Wie man schlechte Argumente zu verbessern sucht – Mancher wirft seinen schlechten Argumenten noch ein Stück seiner Persönlichkeit hintennach, wie als ob jene dadurch richtiger ihre Bahn laufen würden und sich in gerade und gute Argumente verwandeln ließen; ganz wie die Kegelschieber auch nach dem Wurfe noch mit Gebärden und Schwenkungen der Kugel die Richtung zu geben suchen.
Die Rechtlichkeit. – Es ist noch wenig, wenn man in bezug auf Rechte und Eigentum ein Muster- Mensch ist; wenn man zum Beispiel als Knabe nie Obst in fremden Gärten nimmt, als Mann nicht über ungemähte Wiesen läuft, – um kleine Dinge zu nennen, welche wie bekannt, den Beweis für diese Art von Musterhaftigkeit besser geben als große. Es ist noch wenig: man ist dann immer erst eine "juristische Person", mit jenem Grad von Moralität, deren sogar eine "Gesellschaft", ein Menschen-Klumpen fähig ist.
Mensch! – Was ist die Eitelkeit des eitelsten Menschen gegen die Eitelkeit, welche der Bescheidenste besitzt, in Hinsicht darauf, daß er sich in der Natur und Welt als "Mensch" fühlt.
Nötigste Gymnastik. – Durch den Mangel an kleiner Selbstbeherrschung bröckelt die Fähigkeit zur großen ab.
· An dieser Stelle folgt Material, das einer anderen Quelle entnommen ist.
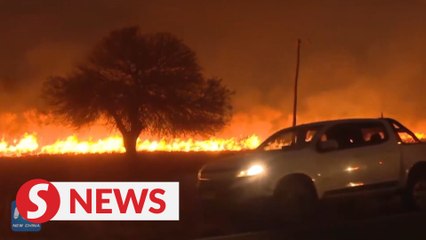 Forest fires rage through northern Argentina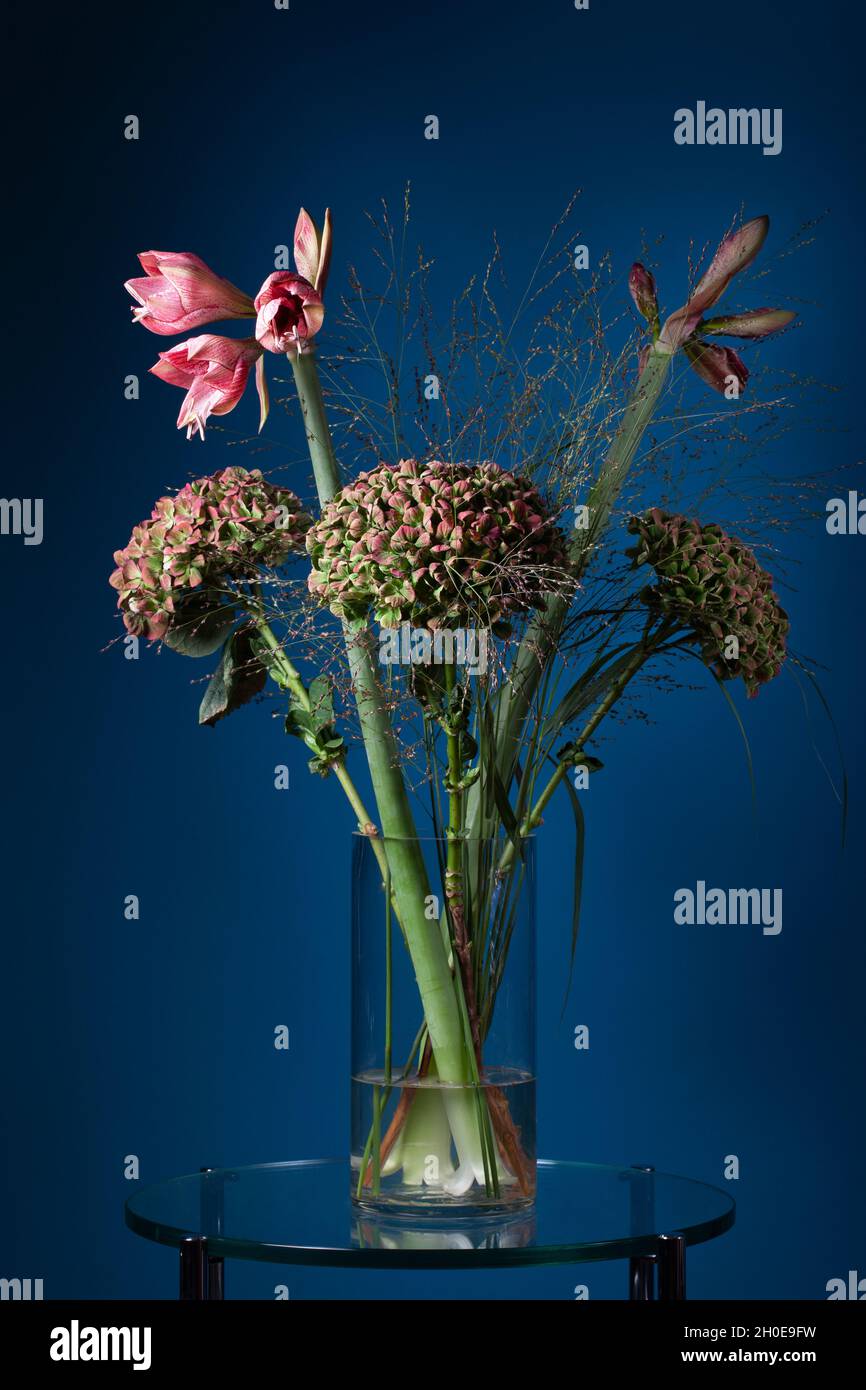 Fresh budding Amaryllis in a glass vase on a glass table with a dark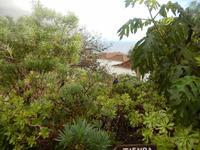 Hoyo de Mazo - La Palma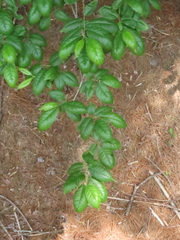 Oxydendrum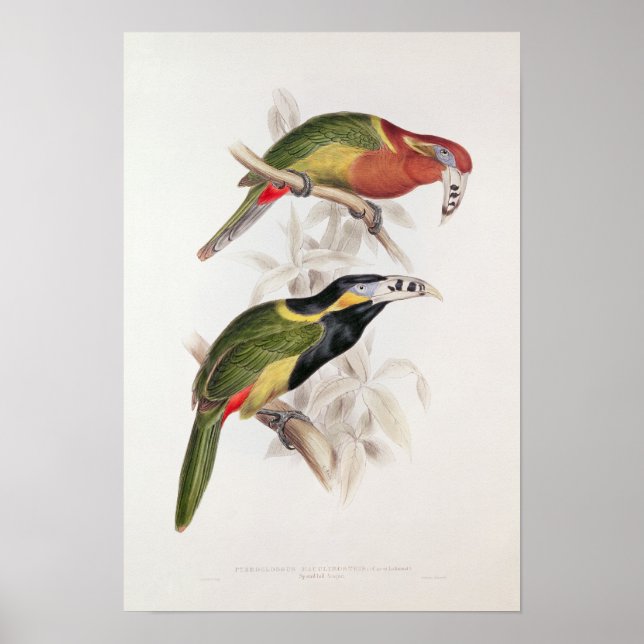 Spotted Bill Aracari, 19th century Poster (Front)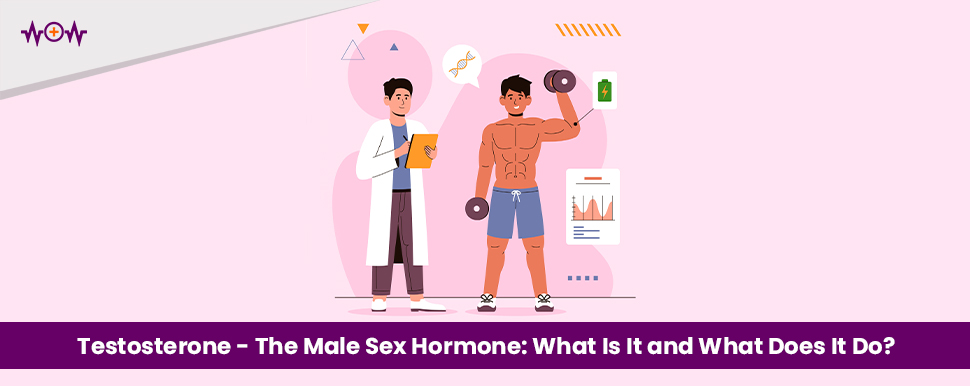 Testosterone – The Male Sex Hormone: What Is It and What Does It Do?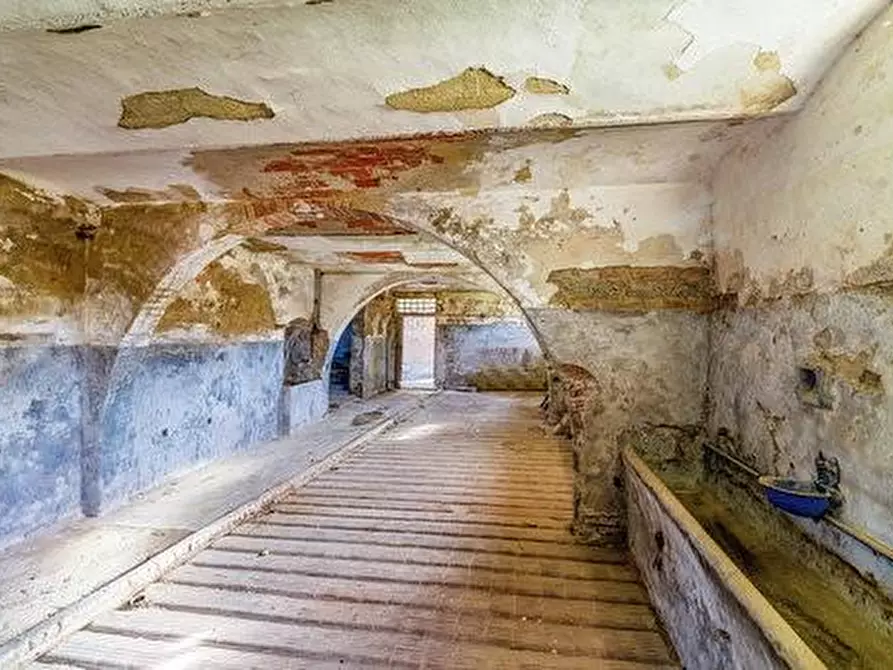 Immagine 35 di Casa colonica in vendita  a Montaione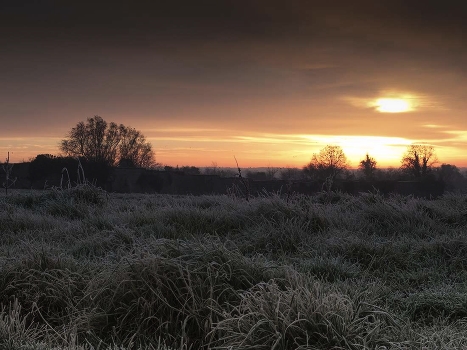 Frosty ... ...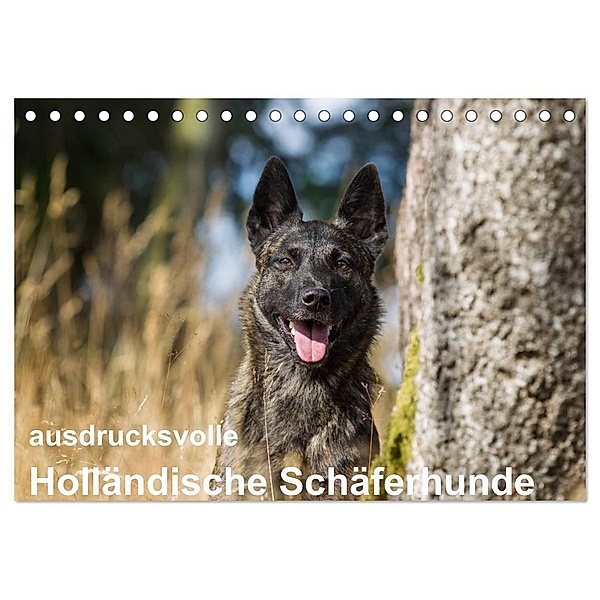ausdrucksvolle Holländische Schäferhunde (Tischkalender 2024 DIN A5 quer), CALVENDO Monatskalender, Fotodesign Verena Scholze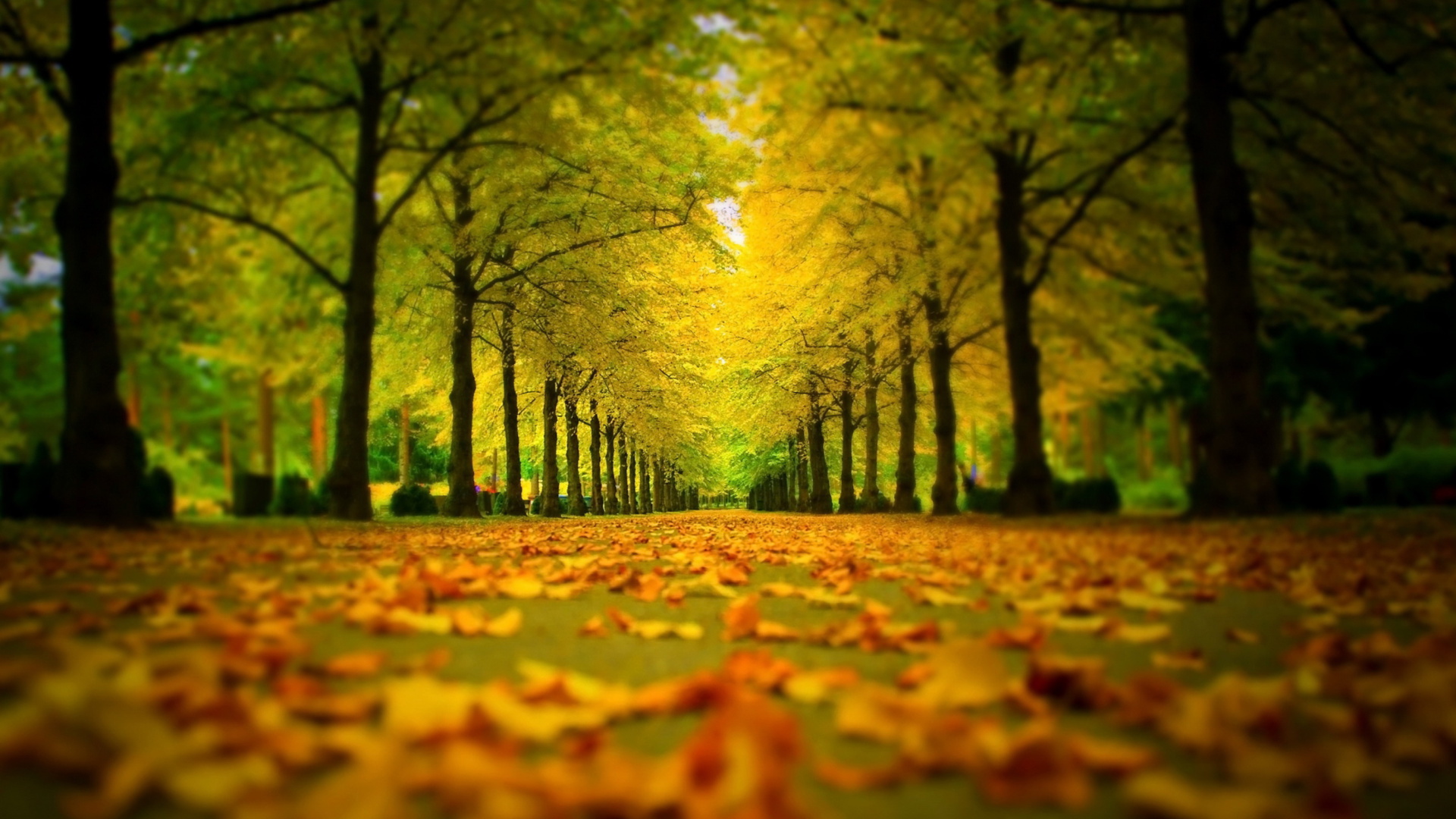 Autumn Park wallpaper 1920x1080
Jeder Tag ist schlecht benutzt und eine Gefahr für den nächsten, an dem man nicht wenigstens einmal sich etwas im kleinen versagt hat: diese Gymnastik ist unentbehrlich, wenn man sich die Freude, sein eigener Herr zu sein, erhalten will.
Sich selber verlieren. – Wenn man erst sich selber gefunden hat, muß man verstehen, sich von Zeit zu Zeit zu verlieren – und dann wieder zu finden: vorausgesetzt daß man ein Denker ist. Diesem ist es nämlich nachteilig, immerdar an eine Person gebunden zu sein.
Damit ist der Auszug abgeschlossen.